B. Selective’s Failure to Comply with Order of Court (ECF 72)
1. Selective failed to produce the required documents, despite the Order of Court of
December 7, 2017, on or before the appointed date and time of December 11, 2017, at
Noon.
2. Instead, after the deadline had passed, at 12:05 PM, on December 11, 2017, Selective
filed a Motion Seeking Reconsideration and/or Clarification of the Court’s December 7,
2017 Opinion and Order Regarding Defendants’ Claim of Privilege Under
Pennsylvania’s Mediation Privilege Statute (ECF 82) (9 pages), Brief in Support (ECF
83) (9 pages), and then later, filed a Supplemental Brief in Support (ECF 85) (10 pages).

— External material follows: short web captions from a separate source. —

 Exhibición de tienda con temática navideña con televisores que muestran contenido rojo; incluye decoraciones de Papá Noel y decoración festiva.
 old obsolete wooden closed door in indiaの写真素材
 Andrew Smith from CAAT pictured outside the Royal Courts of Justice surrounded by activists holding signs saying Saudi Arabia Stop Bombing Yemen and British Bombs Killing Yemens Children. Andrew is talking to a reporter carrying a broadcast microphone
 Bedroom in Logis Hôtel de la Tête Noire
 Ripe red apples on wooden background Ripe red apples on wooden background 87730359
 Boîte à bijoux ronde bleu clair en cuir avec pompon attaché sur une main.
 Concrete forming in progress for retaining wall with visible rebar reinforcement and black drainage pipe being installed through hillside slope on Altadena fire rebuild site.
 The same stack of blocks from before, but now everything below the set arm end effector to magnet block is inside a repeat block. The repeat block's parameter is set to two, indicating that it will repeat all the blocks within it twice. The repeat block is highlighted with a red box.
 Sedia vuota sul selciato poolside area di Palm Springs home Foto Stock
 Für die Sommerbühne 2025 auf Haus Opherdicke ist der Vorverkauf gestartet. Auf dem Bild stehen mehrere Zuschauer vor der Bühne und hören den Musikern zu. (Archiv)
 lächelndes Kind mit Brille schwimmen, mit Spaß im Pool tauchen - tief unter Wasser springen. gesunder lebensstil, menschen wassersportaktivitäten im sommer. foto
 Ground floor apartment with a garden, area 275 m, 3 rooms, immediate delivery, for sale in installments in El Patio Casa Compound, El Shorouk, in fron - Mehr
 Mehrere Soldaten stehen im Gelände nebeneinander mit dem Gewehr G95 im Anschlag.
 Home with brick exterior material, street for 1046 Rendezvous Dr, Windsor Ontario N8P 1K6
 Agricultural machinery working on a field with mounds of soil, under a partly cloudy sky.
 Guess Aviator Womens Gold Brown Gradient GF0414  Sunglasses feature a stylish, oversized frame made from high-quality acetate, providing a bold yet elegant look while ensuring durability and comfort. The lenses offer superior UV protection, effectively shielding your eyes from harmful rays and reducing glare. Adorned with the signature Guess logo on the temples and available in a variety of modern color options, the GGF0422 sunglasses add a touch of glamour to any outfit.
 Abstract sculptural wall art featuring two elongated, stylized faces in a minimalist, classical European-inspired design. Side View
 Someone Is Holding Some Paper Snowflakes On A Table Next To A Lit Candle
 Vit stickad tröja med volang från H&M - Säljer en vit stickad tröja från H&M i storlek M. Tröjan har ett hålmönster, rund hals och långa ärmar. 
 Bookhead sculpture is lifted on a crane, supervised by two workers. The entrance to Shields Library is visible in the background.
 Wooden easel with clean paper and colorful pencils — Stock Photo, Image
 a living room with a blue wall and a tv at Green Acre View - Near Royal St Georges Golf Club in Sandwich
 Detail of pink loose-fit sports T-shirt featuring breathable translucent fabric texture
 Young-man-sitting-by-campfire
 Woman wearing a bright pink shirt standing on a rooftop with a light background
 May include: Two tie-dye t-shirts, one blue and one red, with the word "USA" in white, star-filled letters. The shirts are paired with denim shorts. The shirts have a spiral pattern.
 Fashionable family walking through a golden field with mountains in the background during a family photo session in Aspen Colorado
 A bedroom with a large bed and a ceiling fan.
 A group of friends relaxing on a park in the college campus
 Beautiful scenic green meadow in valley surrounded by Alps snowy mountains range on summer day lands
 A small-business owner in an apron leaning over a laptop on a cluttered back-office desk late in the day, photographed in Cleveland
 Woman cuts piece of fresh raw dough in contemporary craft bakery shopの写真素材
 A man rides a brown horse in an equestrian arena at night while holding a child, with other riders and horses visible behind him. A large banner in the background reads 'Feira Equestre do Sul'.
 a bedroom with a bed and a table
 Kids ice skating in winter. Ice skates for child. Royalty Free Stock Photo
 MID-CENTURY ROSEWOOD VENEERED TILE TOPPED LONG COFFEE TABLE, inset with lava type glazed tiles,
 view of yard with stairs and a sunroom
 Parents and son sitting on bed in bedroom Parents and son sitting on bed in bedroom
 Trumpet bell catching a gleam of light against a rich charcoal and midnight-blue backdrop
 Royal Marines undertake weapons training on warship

3. The Court will now DENY Selective’s Motion for Reconsideration finding that there is
no basis to grant such a Motion. The standard for granting a motion for reconsideration
was set forth in Max’s Seafood Café, by Lou-Ann, Inc. v. Quinteros, 176 F.3d 669, 677
(3d Cir. 1999), which requires a court to decline reconsideration of a prior decision unless
there is or has been: (1) an intervening change in the controlling law; (2) the availability
of new evidence that was not available when the court granted the motion; or (3) the need
to correct a clear error of law or fact or to prevent manifest injustice. Selective’s two
Briefs only argue that this Court made a clear error of law when it determined that the
mediation privilege documents did not fall within Pennsylvania’s “mediation privilege,”
42 Pa.C.S.A. § 5949.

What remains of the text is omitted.